When I was seventeen and able to give my consent to remove the arm stump, over my parents’ pleas to keep this withered useless piece of flesh and bone, the doctors gave me my cybernetic limb. When they explained the procedure and showed me the robotic arm, I asked, “Why cover it with flesh?” My parents couldn’t afford it, I didn’t need it. I am part machine. I am proud to be part machine. I was born twisted and strange by their standards. And after so much recovery, I was somehow amazing.



* * *





I smashed my machine fist into his flesh face. Why did these men think they could treat me like one of their women and suffer no consequence? Because I was polite? Because I yielded to them? Shrunk myself for them? They didn’t know respect when it was given. My ex-fiancé Olaniyi was the same way.

When the beautiful man went down, the dirt of my local market place mixed with his blood. Another of the men jumped up and angrily knocked over the stool he’d been sitting on. This man’s white agbada shined in the sunlight. His mouth hung open. He was shouting, a fist raised. He flew at me, and I saw a white wraith. I smelled dust and blood. I jammed the heel of my flesh hand into the underside of his chin and then crushed his ribs with a hard kick. People fled. There were five men total. Five men in agbadas and sokoto. Five men I destroyed. Everyone else ran, except for some teens who recorded it all on their phones.

And the market dirt mixed with more blood. They knew me there. As well as they could. Until I stepped out of line. Out of their knowledge. Now they know me there. This was my home. The woman on the far end sold palm oil pressed by her husband, a man who got angry with her if she talked to me for too long. The woman who fried the salty spiced termites always laughed when she saw my dexterous metal hands, but she never insulted me. These men were sitting and eating food that used fresh herbs and vegetables she grew in her own garden. The woman whose peppers I’d been looking at had been trained to be a barrister but gave all that up to live with her husband here in Abuja.

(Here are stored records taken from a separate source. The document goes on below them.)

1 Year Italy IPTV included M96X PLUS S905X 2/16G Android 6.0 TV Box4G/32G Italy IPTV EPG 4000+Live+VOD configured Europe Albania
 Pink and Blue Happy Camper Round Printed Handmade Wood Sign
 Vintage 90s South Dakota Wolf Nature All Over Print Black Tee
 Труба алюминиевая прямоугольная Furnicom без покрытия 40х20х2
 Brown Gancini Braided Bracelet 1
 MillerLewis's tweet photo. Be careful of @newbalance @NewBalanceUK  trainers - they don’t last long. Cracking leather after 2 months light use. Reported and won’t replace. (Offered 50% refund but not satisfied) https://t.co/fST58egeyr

My market’s dirt was mud with blood now, a blue Imam Shafi Abdulazeez flyer mashed into it. I stood over their bodies, the taste of metal in the back of my throat like smoke. I felt both destroyed and indestructible. My left arm. As I’d fought all those angry men, someone had smashed at my arm with a brick, just below the demarcation where flesh became metal. Now my left arm felt electrified. I briefly wondered if touching my left arm to my leg would create an electric current. Would the metal on metal kill me when the current jumped to flesh and rushed to my heart?

I turned. I ran.





CHAPTER 2


    GPS



I couldn’t stop looking at the sky as I drove. Occasionally, I spotted drones above, but they were all carrying delivery packages, so that was okay. None turned and followed me. The nightmare was over; at least the one at the market. I’d tripped my car offline weeks ago at the shop. Olaniyi had used the tracker on his phone to force connect to my car and monitor me during one of the few times I’d asked him to give me some space. I’d driven to a small hill not too far outside of Abuja. It was a dry hill where trees and plants refused to grow for some reason, maybe there’d been some chemical dumped there. It was my secret place to sit in the sunshine and just stop thinking. I don’t know what he thought I was up to but thirty minutes after I arrived, he showed up, his nostrils flared, his eyes bulging, full of suspicion.